It's like what Obi Wan says to Darth Vader in A New Hope: "If you strike me down, I shall become more powerful than you could possibly imagine."

<3 Frances

"F" is for Friday, and Filmophelia

Star Wars geeks, when they find out
that someone "doesn't get" the movies.
My life would be an entirely different one had I not been raised by a film and journalism student.  Unlike other children, who were saturated with Disney princess films and karaoke discs, I spent my infancy on Beatrix Potter and Mazzy Star and the rest of my youth talking about books like Watership Down and movies like Stalker (the depressing 1979 Russian film, not the horror flick).  I'm also a first-class Star Wars geek (I took one of my middle school yearbook pics wearing a Princess Leia-inspired hairdo. Fandom! I'll post a tutorial on that soon!).  I don't entirely know what us fans are supposed to call ourselves, though--I've heard "Star Warriors," which I guess is a sort of play off of "Star Trekkies," but it's not as universally acknowledged.  Fortunately the lack of a fan group name hasn't seemed to be an issue for me--most people see that I have a doll house with Anakin and Padme figurines and the truth about the obsession surfaces on its own.
But where am I going with this? Maybe I'm just trying to say that film/lit/music have had a profound influence on my existence, and, chances are, your opinions on them have done the same thing to you.  Some may say that fiction doesn't impact us, but it does, and the characters that unfold before our eyes--be it on the screen or on the page or in the lyrics--have the capability of making or breaking our day. They become real people, and their struggles become ours.  And then we end up wanting to buy the pint of Ben & Jerry's Coffee Heath Bar Crunch (whoever invented that flavor is both horrible and insane in the best way possible) so that we can binge-watch while eating it and drinking coffee.  (However, if you're feeling this way due to some film you saw or book you read, then your timing is perfect because it's Friday.  TGIF!)

<3 Frances

Wednesday, May 21, 2014

Thrifting (verb)

My mum and I are like something out of Raiders of the Lost Ark when it comes to buying clothes because we don't just "shop"--we thrift.
Thrifting (verb)
Definition: The act of searching for and purchasing secondhand items.
Regular retail stores, in all their commercial appeal, are way too expensive for anything more than window-browsing.  Or at least they're that way for us.  (I mean, I see a t-shirt with a price tag reading more than $8.00 and an ulcer automatically begins developing in my abdomen.  If I spent that sort of money on myself for a t-shirt, I'd have to live in my doll house.) Fortunately, though, there is the brilliant invention of "thrifting." The Salvation Army, Goodwill, Plato's Closet, eBay...they're shopping sanctuaries for the financially woeful. Not to mention that they're also great places to find vintage steals no one else will have, like $2.00 (!) Go-Go boots and distressed shabby-chic prom/wedding dresses.

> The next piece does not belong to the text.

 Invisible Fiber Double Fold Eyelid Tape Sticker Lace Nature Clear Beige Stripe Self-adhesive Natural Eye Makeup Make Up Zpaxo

My clothes rack--almost 100% hand-me-down and thrift-shop goods.
And, yes, that is my Catwoman mask.

   <3 Frances

Tuesday, May 20, 2014

Tuesday Nights


Sidebar Adventures

Finding new music can be difficult. Luckily for us, though, there's the YouTube sidebar.  It's like an endless, void-like record store for the good music seekers inside all of us.  Don't tell anybody, but it's how I decided to distract myself this morning, caught up in the folk/alt/indie rock "happy place" that YouTube dragged me deeper and deeper into. And I found some pretty awesome stuff there....

1) "Threads" by Now, Now

2) "Moenie and Kitchi" by Gregory and the Hawk

3) "Young" by The Paper Kites

Check back later for more Sidebar Adventures and the excuse to spend those old iTunes gift cards.
<3 Frances


First Sentences

First sentences, unlike first breaths and first kisses and first days of school, can be done over again. They can be changed--rewritten--and that's part of why they're so difficult. We edit them and polish them and torture ourselves with them in an attempt to make them as close to perfect as we possibly can. But the real world isn't perfect, so maybe we should just give our first sentences a break and let them be who they want to be: themselves.
This is Moth Bird, the blog that never wants to grow up. I'm Frances, and my friends Iris, Jill, and I are the writers behind this production, which was started as a way to keep our heads from exploding due to an over-accumulation of too many unexpressed thoughts. You can read more about us and Moth Bird here.
Regardless of how you managed to stumble across our little world, be it through a vortex or a rabbit hole or even just a computer, we want to thank you for visiting. Welcome to the land of the indie subconscious.